Darknet Overview
“Darknet is an open source neural network framework written in C and CUDA. It is fast, easy to install, and supports CPU and GPU computation.” - pjreddie/darknet
This blog post will describe the process of retraining Darknet, an object detection software, into a qunatized model using an open source autonomous vehicle dataset.
Reasons this is necessary:
-
A machine with limited resources generally struggles to run object detection, thus creating a qunatized model will increase efficiency on these systems such as a 96Boards platform.
-
Autoware, a fully open source autonomous vehicle software stack, relies mainly on darknet for object detection; however, the detection for cars and signs relies mainly on the kitti dataset. The kitti dataset is not a dataset expressly designated for Autonomous vehicles.
By using a dataset which is specialised in autonomous vehicles, accuracy for tasks such as driving at night and in adverse conditions will increase tremendously.
System Details:
This process can be done on any system which darknet supports. For this blog the following was used:
- 64 bit computer running Ubuntu 18.04
- Intel Core i7-8750H CPU
References:
- Darknet
- The Berkley Deep Drive Dataset
- The bdd-data toolkit
- A Guide to Retraining Darknet YoloV2
Berkley DeepDrive Dataset Overview
The Berlkley DeepDrive Dataset (BDD dataset) produced by Fisher Yu is one of the largest and most diverese video datasets for autonomous vehicles. The dataset consists of 100,000 videos, each of which is about 40 seconds long, 720p, 30 fps, and also contains GPS/IMU information recorded from cell-phones.

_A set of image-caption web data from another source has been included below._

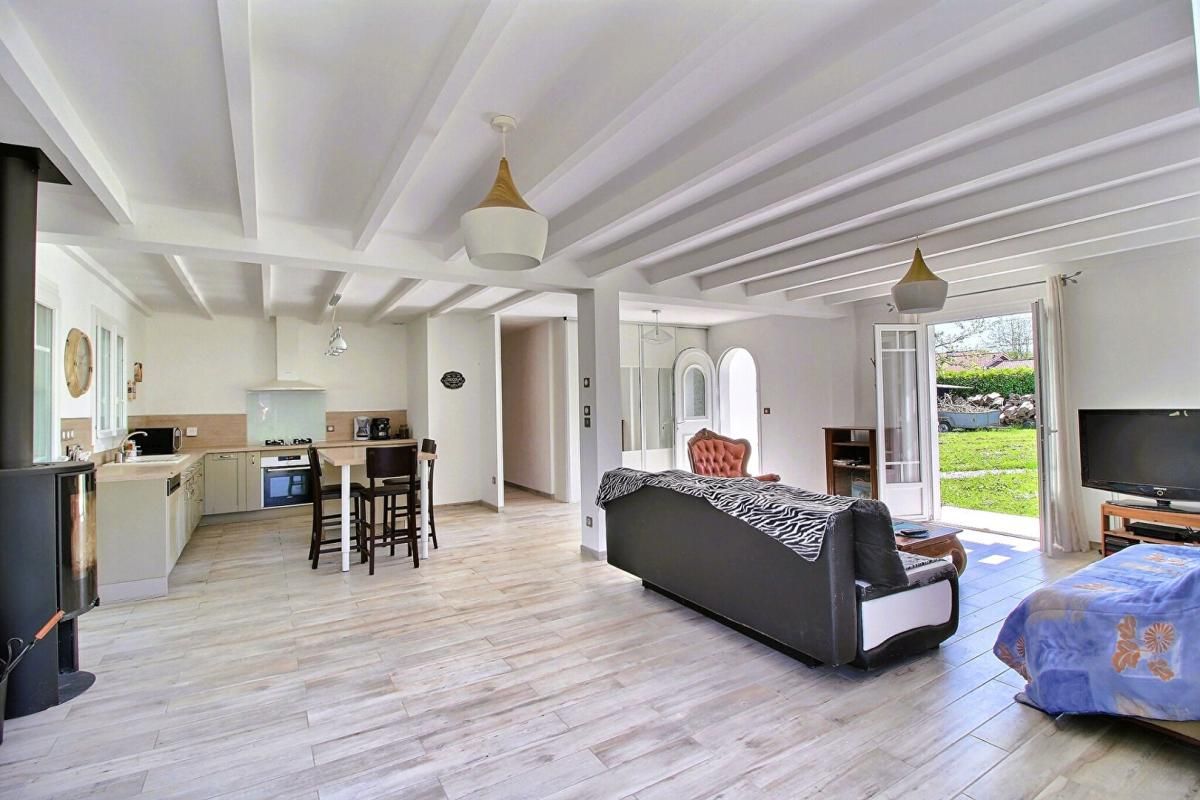 SAINT-LOUBES Maison T5 de plain-pied 145 M², garage 40 M², parcelle 1 250 M² à Saint-Loubès 2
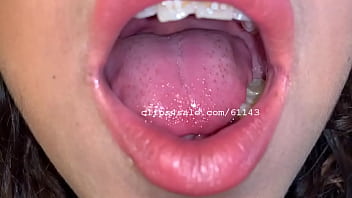 Preview 1 of Botol Besar - Mouth Fetish - Lisa Mouth Part2 Video3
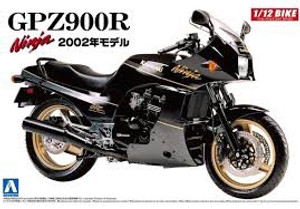 Aoshima #4287 1/12 2002 Kawasaki GPZ900R Ninja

This dataset contains videos from diverse locations around the United States, in a wide range of weather conditions and settings such as, rainy, overcast, sunny, at night, and during the day. Most importantly for my purpouses this dataset also includes hundreds of thousands of still frames extracted from these videos along with bounding boxes and labels for objects, segmentation, lane lines, etc.
Building Darknet
Darknet can be built with several optional settings such as GPU (default off), CUDNN (default off), OPENCV (default off), OpenMP (default off), and Debug (default off). If you wish to change the defaults they are accessible in the Makefile. To download and build darknet do the following
$ git clone https://github.com/pjreddie/darknet
$ cd darknet && make
downloading the Berkley DeepDrive Dataset
In order to access the BDD dataset an account needs to be created on the bdd-data website.
For the purposes of this blog the Images, and Labels portion of the BDD dataset were downloaded, i.e. bdd100k_images.zip and bdd100k_labels_release.zip.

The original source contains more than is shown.